Halihazırda, neredeyse herkeste bu yüksek basınç vardır. Kiminle konuşsanız; hiçbir şey yapmak, konuşmak, dinlemek istemediğini ifade etmekte ve hatta gitgide yalnızlaşma eğilimine girmektedir. Bu bir yüksek basınç halidir ve sağlanacak saf bilginin işlev görüp, gerekli yerlere ulaşmasına yardım edecektir. Zira bu halden kurtulmak mecburiyeti vardır.

Hiperbarik oksijen tedavisi örneğinde olduğu gibi; rutin dışı bir atmosferde alınacak saf oksijene karşılık gelecek olan, fıtratın saf bilgi, hal, eylem ve ilişkileri, algı ve idrak yollarını onarıp, yenileyecek; doğal sistemimizin bütün hücreleri, dokuları, mekanizmaları, onarılıp yenilecek ve asli fonksiyonlarını yeniden icra etmeye başlayacaktır.
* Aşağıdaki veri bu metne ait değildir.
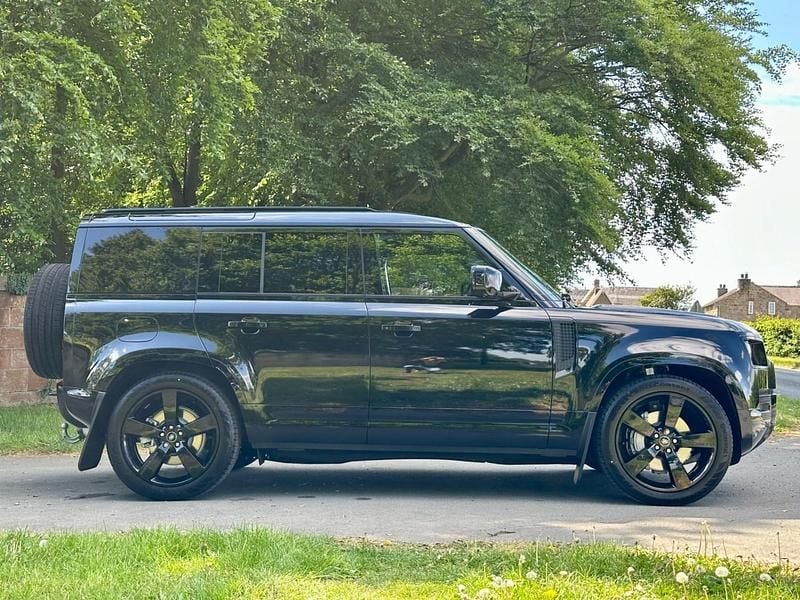 New Land Rover Defender HSE Dynamic 350 HP (257 kW) 2025 Santorini black SUV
Bunun için; göz önünde olup ta görmediklerimizi görmeye başlamak gerekmektedir. Kulağımızın dibinde olup ta işitmediğimiz seslere kulak vermek icap etmektedir. Bunun lazım şartı; rutinin konforundan çıkabilmek cesaret ve kararlılığı göstermektir.

Ankara'nın yerlileri; "helva demeyi de, halva demeyi de, havla demeyi de biliriz" derler. Aynı şeyler farklı biçimde söylenince, farklı anlamların oluşmadığını da göz ardı etmemek lazımdır. Bu keyfiyet, cari gerçekliğin çekim gücü karşısındaki tedbir ve tutumla alakalıdır.